◆ Instructions for the task:
Restate exactly the lines below, from the one containing "Taza con capacidad" through the final line, and leave out the pictures.

◆ Dataset section:
___

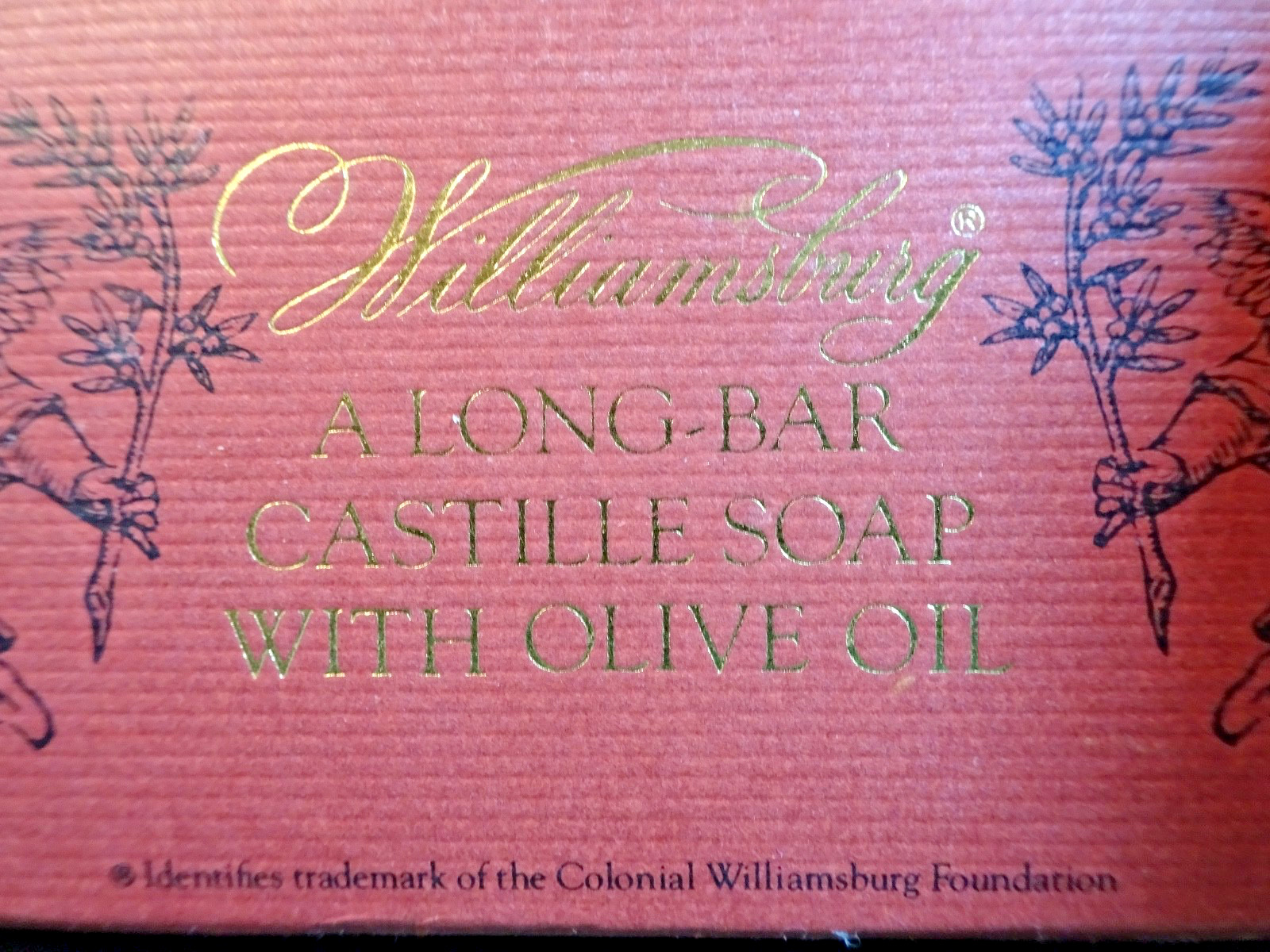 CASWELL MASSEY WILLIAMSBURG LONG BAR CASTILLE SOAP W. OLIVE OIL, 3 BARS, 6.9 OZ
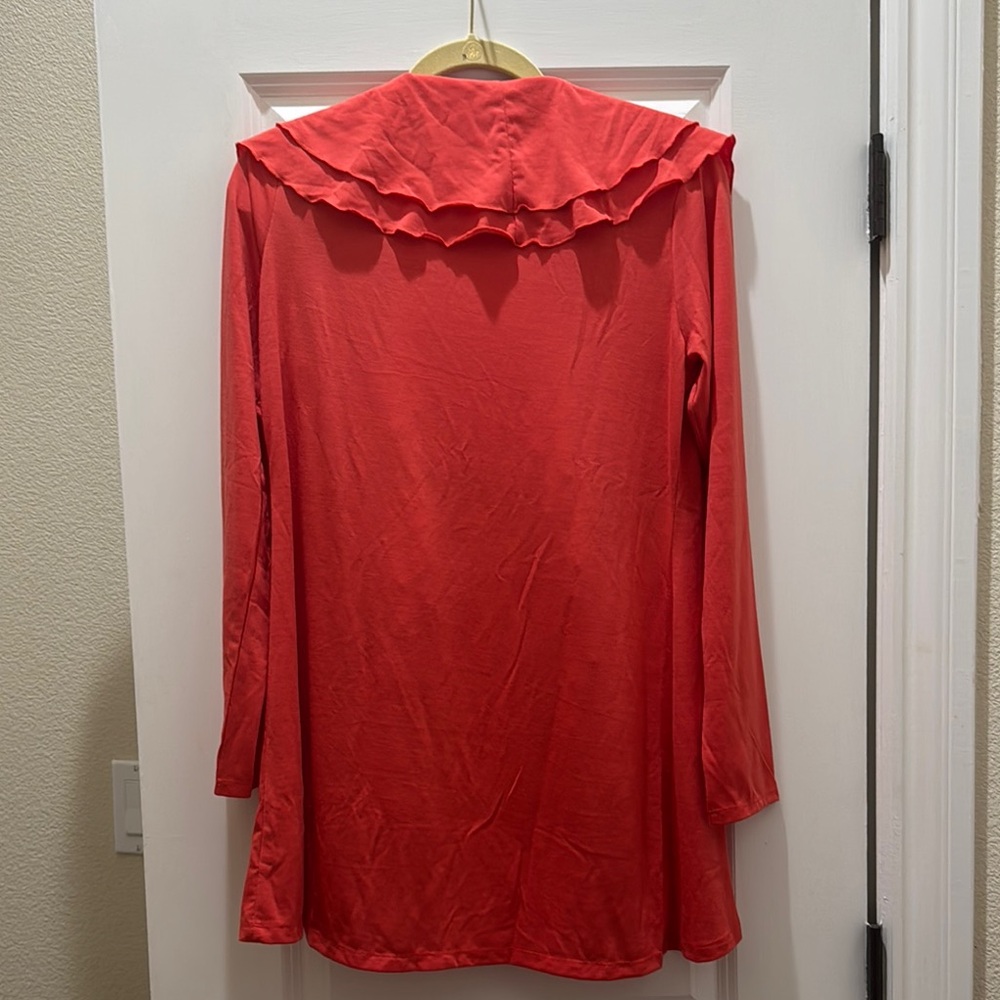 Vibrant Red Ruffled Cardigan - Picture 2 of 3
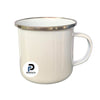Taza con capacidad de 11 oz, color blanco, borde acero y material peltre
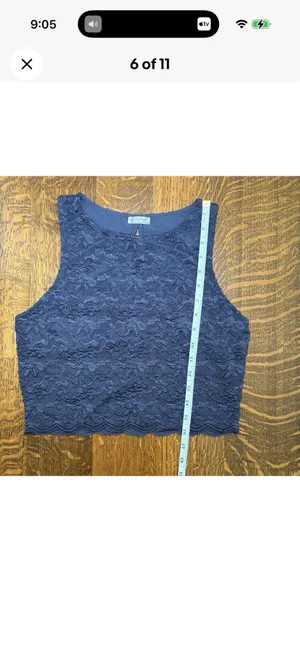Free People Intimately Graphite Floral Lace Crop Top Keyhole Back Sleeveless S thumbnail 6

___

◆ Solution to this exercise:
Taza con capacidad de 11 oz, color blanco, borde acero y material peltre
Free People Intimately Graphite Floral Lace Crop Top Keyhole Back Sleeveless S thumbnail 6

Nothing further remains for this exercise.